It was leftover night at the McGaughey abode Thursday night. Becca had made a delicious chicken parmesan dinner the evening before, and I did not mind a 24-hour-later repeat in the slightest. (I’m not sure what the kids were thinking, opting for a mere grilled cheese sandwich, but to each his — and her — own.)
My wife occasionally professes that she is not a good cook, but I beg to differ. And, no, I am not just trying to kiss up. As the one who often reluctantly does a very large share of the meal-preparing work (and usually with Grace and Zach running amok all the while), she does an outstanding job. I am very fortunate and thankful to come home nearly every night to a tasty, home-cooked meal.
This wasn’t always the case for me. After all, I was once a bachelor.
Flash back to May 1989, when I graduated from the State University of New York at Binghamton. Not knowing what I wanted to do and, quite frankly, not ready to give up college life, I lived in an apartment that summer with one of my best friends while pathetically working for a few weeks at a Wendy’s and eating far too much fast-food fare.

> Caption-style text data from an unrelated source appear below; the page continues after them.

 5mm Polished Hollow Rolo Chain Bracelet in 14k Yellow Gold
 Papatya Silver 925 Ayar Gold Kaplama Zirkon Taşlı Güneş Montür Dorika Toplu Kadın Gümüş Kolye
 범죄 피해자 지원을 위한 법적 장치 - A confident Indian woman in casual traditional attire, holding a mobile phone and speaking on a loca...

And, when I wasn’t consuming Big Classics or food from what the restaurant called the Super Bar (not sure if Wendy’s has those anymore), I subsisted a lot on Steak-umms, Hamburger Helper, the cheapest spaghetti and sauce I could find and other less than nutritious (or delicious) fare.

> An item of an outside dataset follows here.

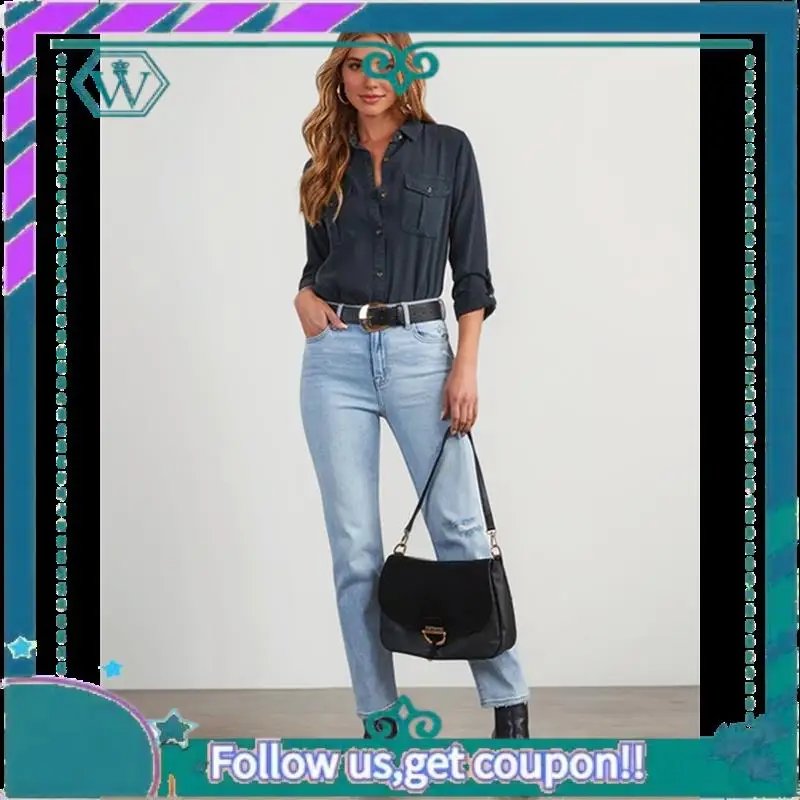 

A09P женская джинсовая рубашка с двойными карманами и украшением, однобортная повседневная женская куртка с лацканами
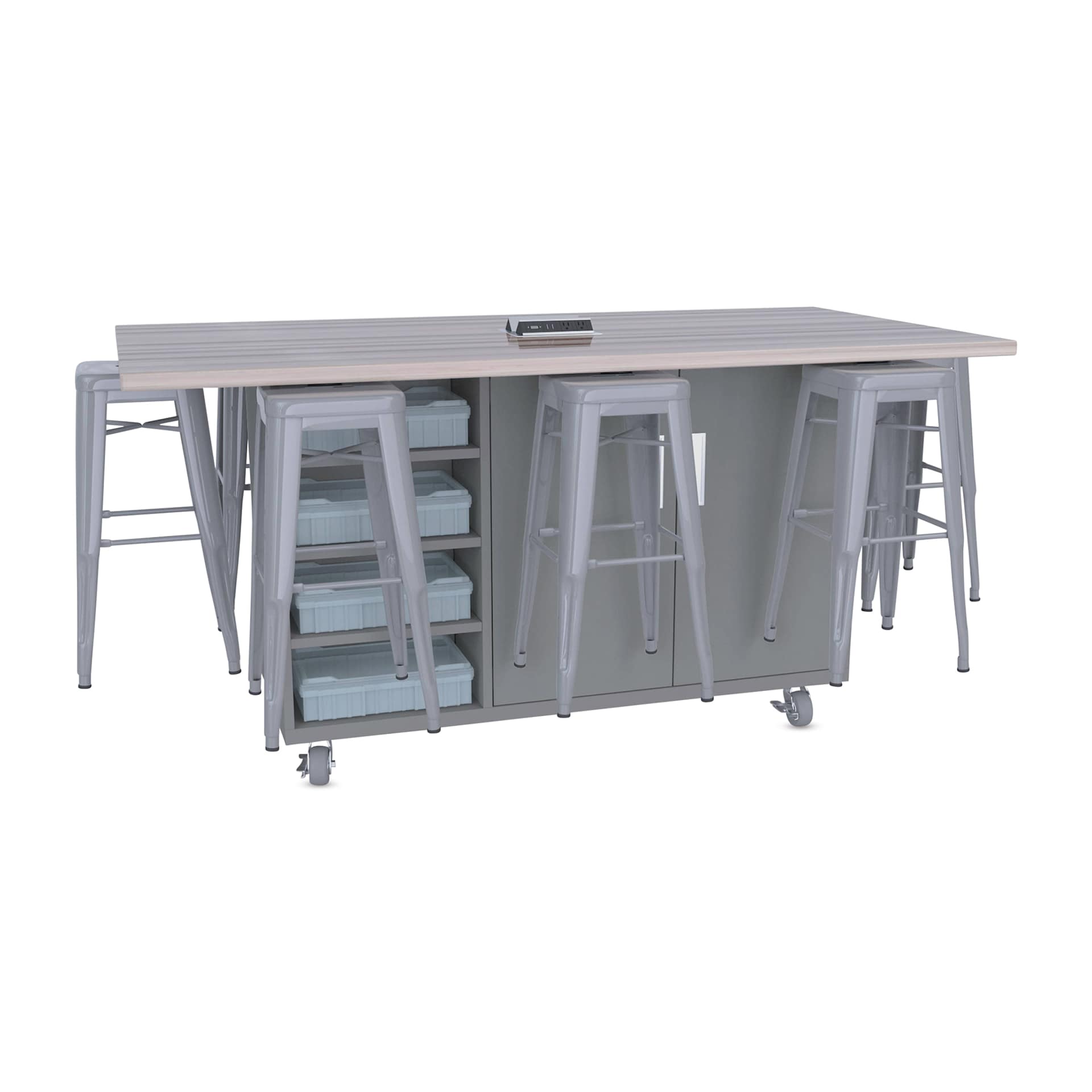 CEF Ed8 Work Table with Stools, 36"H table with silver stools and Northsea Grey finish.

That fall, when classes resumed at “SUNY-B,” I moved to a different apartment with the same buddy and continued to eat mostly poorly. I got a slightly more respectable job, working as a customer service representative for a book publisher in Binghamton, but got paid next to nothing. I remember occasionally treating myself to a 99-cent breakfast at Paul’s, an ultra-greasy spoon near the bus depot that was frequented by an often-frightening clientele, and going to a place called Grotta Azzurra, where I seemingly got charged a different amount every time for two slices of meatball pizza. The rest of the time, though, I ate much of the same food as the summer, and managed to work hot dogs, full boxes of chicken rice-a-roni and Banquet chicken TV dinners into the dietary rotation. (Surprisingly, a taste for ramen noodles was never developed.)
I recall well a particularly night when a friend by the name of Brian Wilson — definitely not of the Beach Boys, nor the San Francisco Giants closer — came over to my humble little abode at 46 1/2 North St. for dinner. On the way, we stopped at the Giant supermarket for a bag of spaghetti noodles and the cheapest jar of sauce we could find. I bought, and I think he gave me around 75 cents for his share of the humble feast.
Seventy-five cent dinners are pretty hard to come by nowadays, to be sure. And, even I could get them somewhere, I’d take Becca’s cuisine any day of the week. Perhaps, though, if she doesn’t feel like cooking one night, I’ll go out and grab some Steak-umms for old time sake. I can almost guarantee she’d back at the stove in no time.